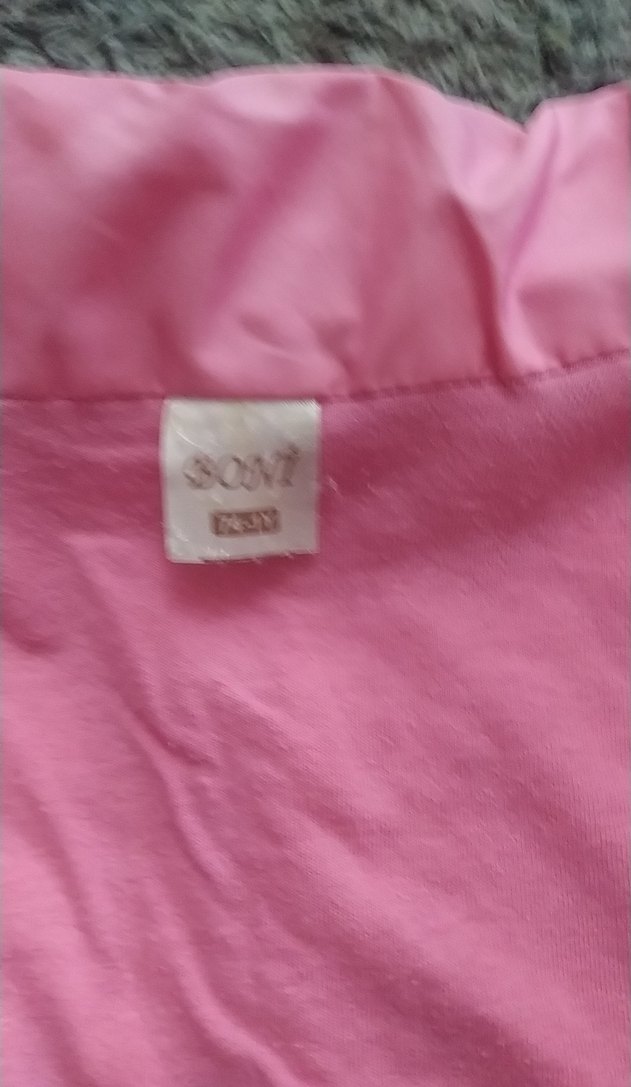 Kız Çocuk Pembe Baskılı Fermuarlı Yelek - Görsel 3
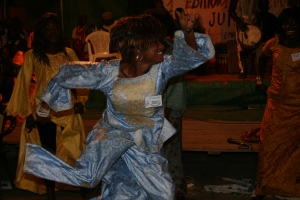 Dacer performing in Dakar, Senegal.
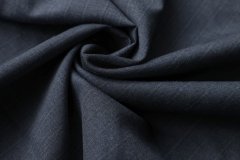 ткань серо-голубая шерсть в полоску костюмно-плательная шерсть в полоску серая Италия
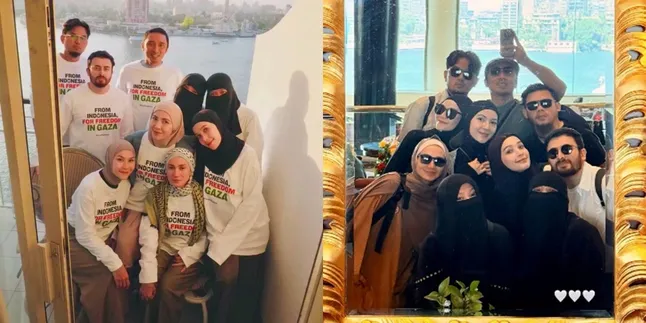 Zaskia Adya Mecca to Wanda Hamidah who Joined Global March to Gaza Returned to Indonesia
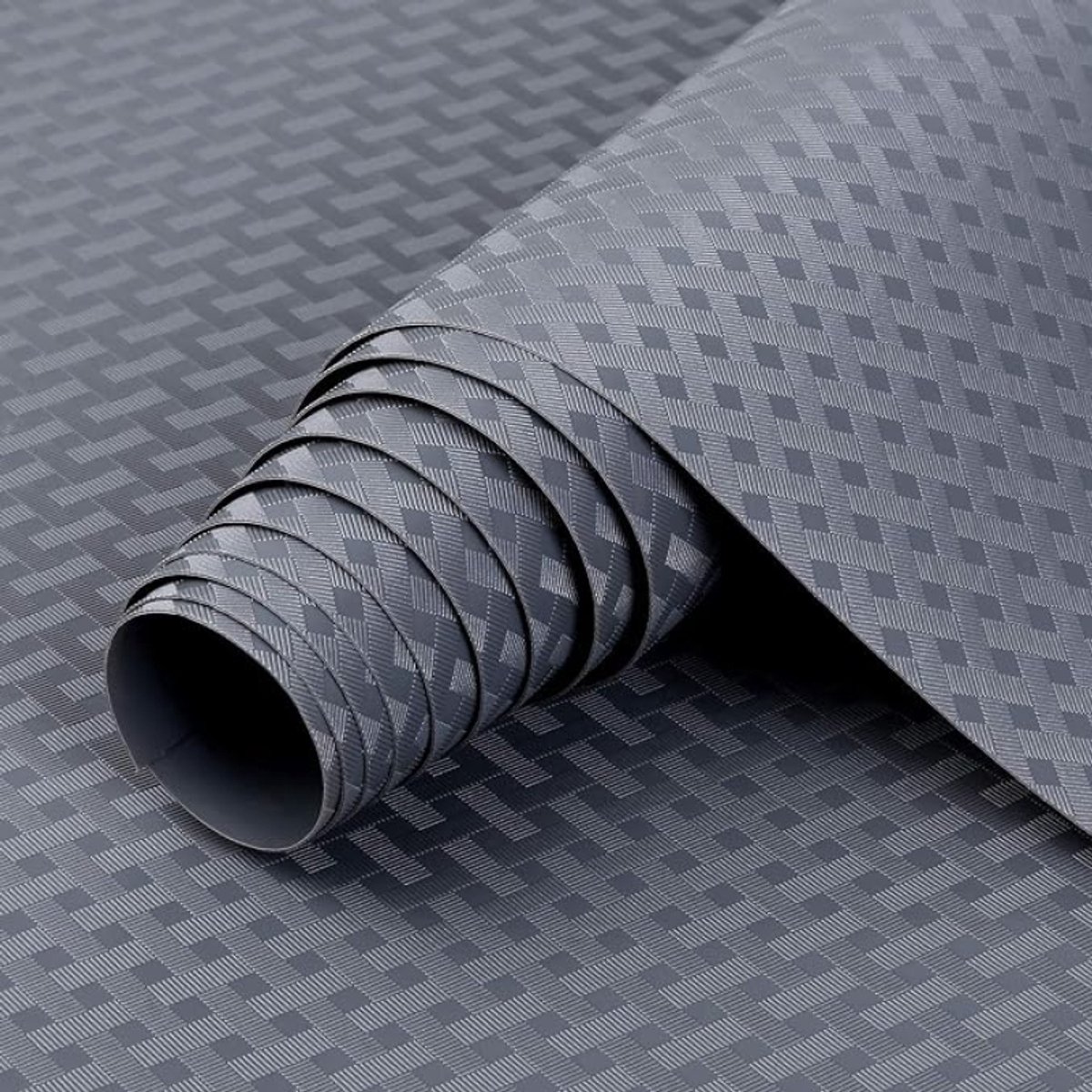 Plankvoering Keukenlademat 30x300 cm - Waterdicht EVA - Kastmat Antislip - Koelkastvoering Grijs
━━━━━━━━
Exercise
Will you repeat the material above, but only from the line containing "Zaskia Adya Mecca" through its last line, exactly and without the pictures?

Completed task
 Zaskia Adya Mecca to Wanda Hamidah who Joined Global March to Gaza Returned to Indonesia
 Plankvoering Keukenlademat 30x300 cm - Waterdicht EVA - Kastmat Antislip - Koelkastvoering Grijs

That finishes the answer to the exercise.